Is it possible to have the cluster use a node's hardware specs for allocation decisions?

I know that it's possible to use custom attributes in allocations for things like rack-awareness, but I'm more interested in whether or not elastic is capable of taking a node's hardware specs into consideration when deciding how many shards to allocate to that node.

Say you have ~20 nodes. The nodes are 4-core, 32GB Mem, 900GB SSD machines. Say overall disk usage is low (15-20%). Say CPU usage is very low. However, heap usage is about 50-60%. The disk and CPU usage suggests that this would be an over-provisioned cluster, but the heap usage would make me a little leary of just taking down nodes one at a time and allowing the cluster to rebalance for fear of crossing the 75% heap suggestions.

Given that, I'd think this cluster could get away with significantly less hardware as long as the total RAM was kept steady. I.e., I think it could get away with ~10 nodes or even less, same 4-cores, same storage, as long as the RAM was bumped up to 64GB per node. Might even consider bumping the cores to 8 cores.

How would you go about implementing this and keeping this running smoothly? Say a single node is currently hosting 10 shards. Ideally one of the new nodes would pick up 20 shards when we bring it up if we also brought down 2 nodes. I'd want to move slowly, so I think we'd remove one node, let things settle, bring up the new node, settle, then bring down a second old node. Rinse, repeat, etc...

Setting aside any voting/master eligibility concerns and concentrating ONLY on node allocation, how could one tell elastic that the new node is capable of handling twice the load of the old ones in order to prevent the master from just allocating shards evenly across ALL nodes as old nodes are taken out and new nodes are brought in?

I'm not sure there is a way to do this with today's allocator unfortunately, Elasticsearch treats nodes as pretty much equivalent (within each tier at least). I think the way I'd do this would be to just add all the new nodes at once (temporarily scaling up the cluster well beyond its needs) and then vacate the old nodes with an allocation filter so they can be safely decommissioned.

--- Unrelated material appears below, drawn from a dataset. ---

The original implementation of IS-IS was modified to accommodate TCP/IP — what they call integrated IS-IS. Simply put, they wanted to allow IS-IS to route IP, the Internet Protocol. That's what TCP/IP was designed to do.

I was afraid of that, but thanks for the reply.

I'm curious, could you explain the problem with adding all the new nodes and then vacating all the old ones? My thinking is that either you're in a Cloud-like environment so you would only be paying more while the cluster is oversized (which won't be long), or else you're in an on-prem-like environment where you have to commission all the new nodes ahead of time anyway. How would a more gradual approach be better?

Only for peace of mind. We're not given to making changes like this "fast", so we're going to want to spin up a new node (yes, we're cloud-based) and then decommission two old ones and make sure everything is working smoothly, and then continue one at a time with other nodes. We're just unlikely to decide to make a large switch like this without testing things out, and this isn't high enough priority to warrant duplicating the production setup to test it out or something like that.

So it's not a problem, per se, just something I was hoping we could do using allocation rules. All good.

Gotcha, I see. If you did that I'm not sure the observations from the intermediate states would give you very meaningful information, and it would be a bit of a pain to revert back to the original setup if you encountered problems after several steps. Personally I would be more comfortable running with the double-sized cluster for a while and using allocation filters to move things across fairly gradually, watching & testing carefully as you go. Admittedly a little more expensive, but much safer & easier to revert IMO.

This topic was automatically closed 28 days after the last reply. New replies are no longer allowed.